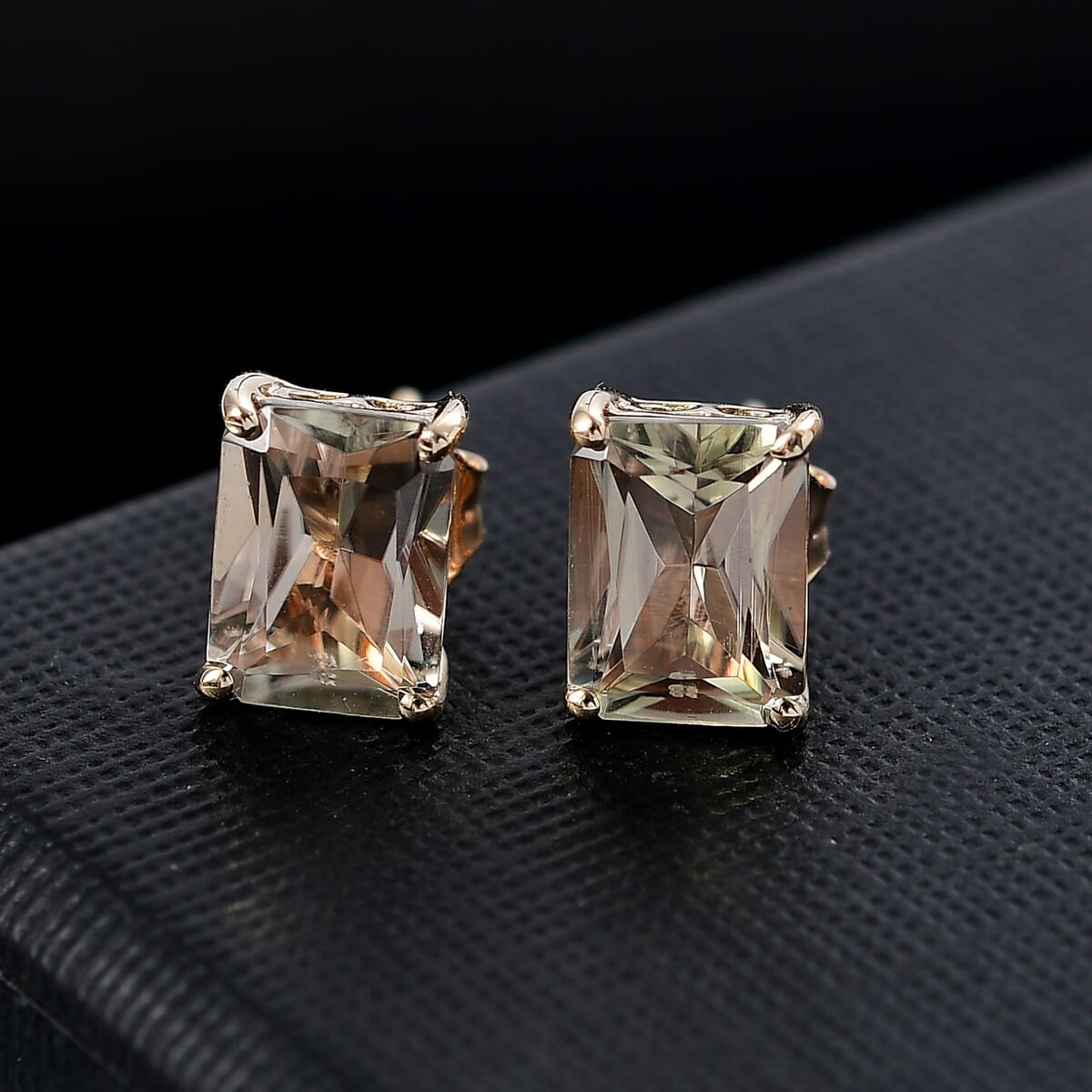 Luxoro Radiant Cut AAA Turkizite 3.90 ctw Art Deco Earrings in 10K Yellow Gold image number 1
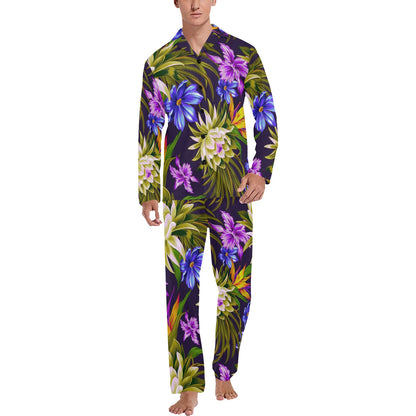 Water Lily Pattern Print Design WL08 Men's Long Sleeve Pajama Set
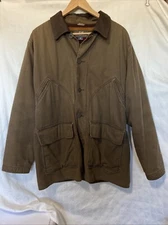 Vintage 90's Woolrich 12201 Bark Brown Blanket Lined Ranch Chore Coat Men Med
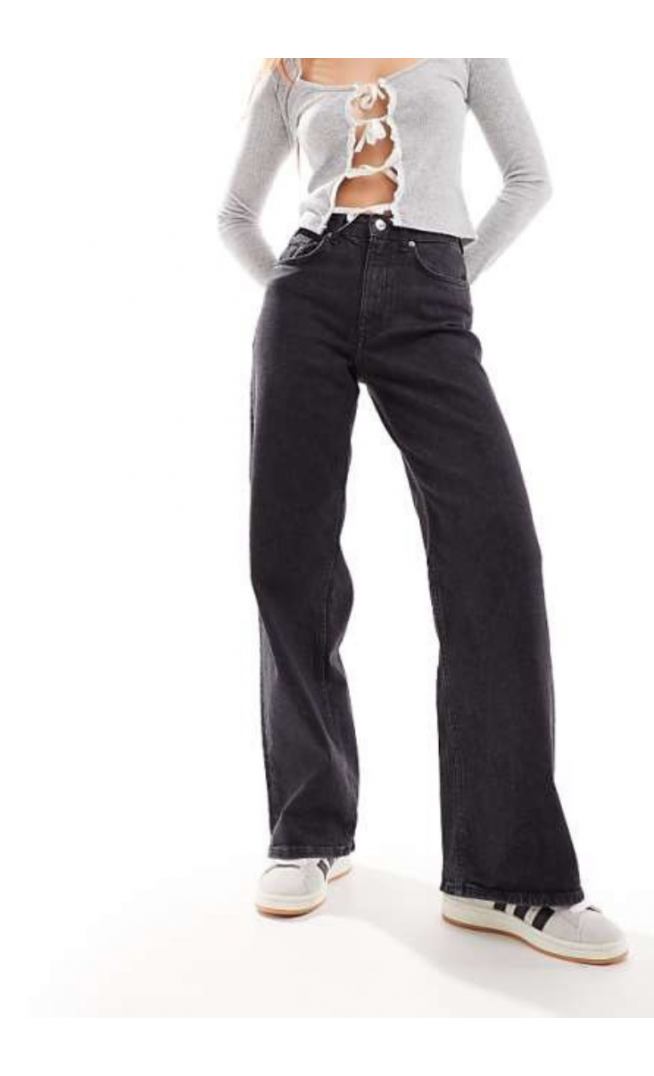 ONLY Juicy high waisted wide leg jeans in washed black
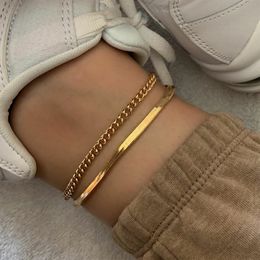 2020 Rose Gold Color Stainless Steel Snake Chain Anklet Female Korean Simple Retro foot bracelet beach accessories boho jewelry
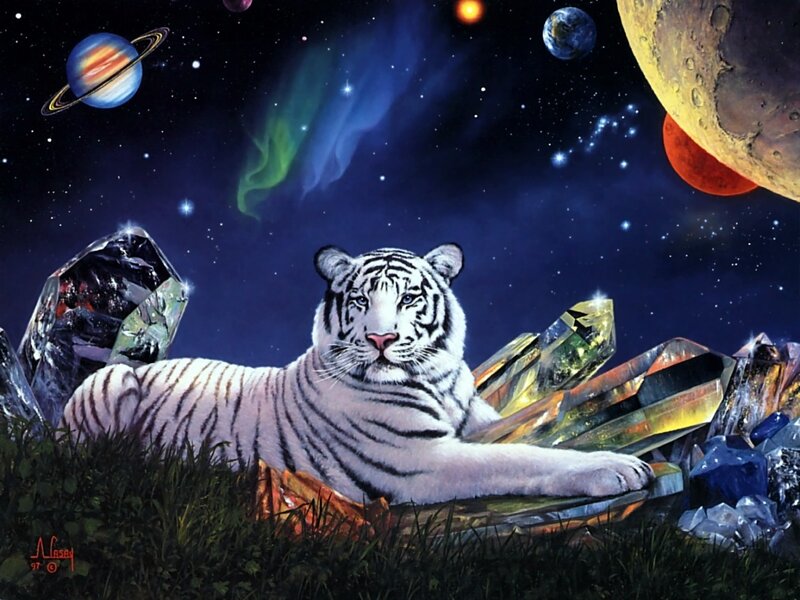 White Tiger in Space — Blue, Fantastical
━━━
Aim of the task
Line by line, transcribe the records exactly, omitting the images.

Result below
 Luxoro Radiant Cut AAA Turkizite 3.90 ctw Art Deco Earrings in 10K Yellow Gold image number 1
 Water Lily Pattern Print Design WL08 Men's Long Sleeve Pajama Set
 Vintage 90's Woolrich 12201 Bark Brown Blanket Lined Ranch Chore Coat Men Med
 ONLY Juicy high waisted wide leg jeans in washed black
 2020 Rose Gold Color Stainless Steel Snake Chain Anklet Female Korean Simple Retro foot bracelet beach accessories boho jewelry
 White Tiger in Space — Blue, Fantastical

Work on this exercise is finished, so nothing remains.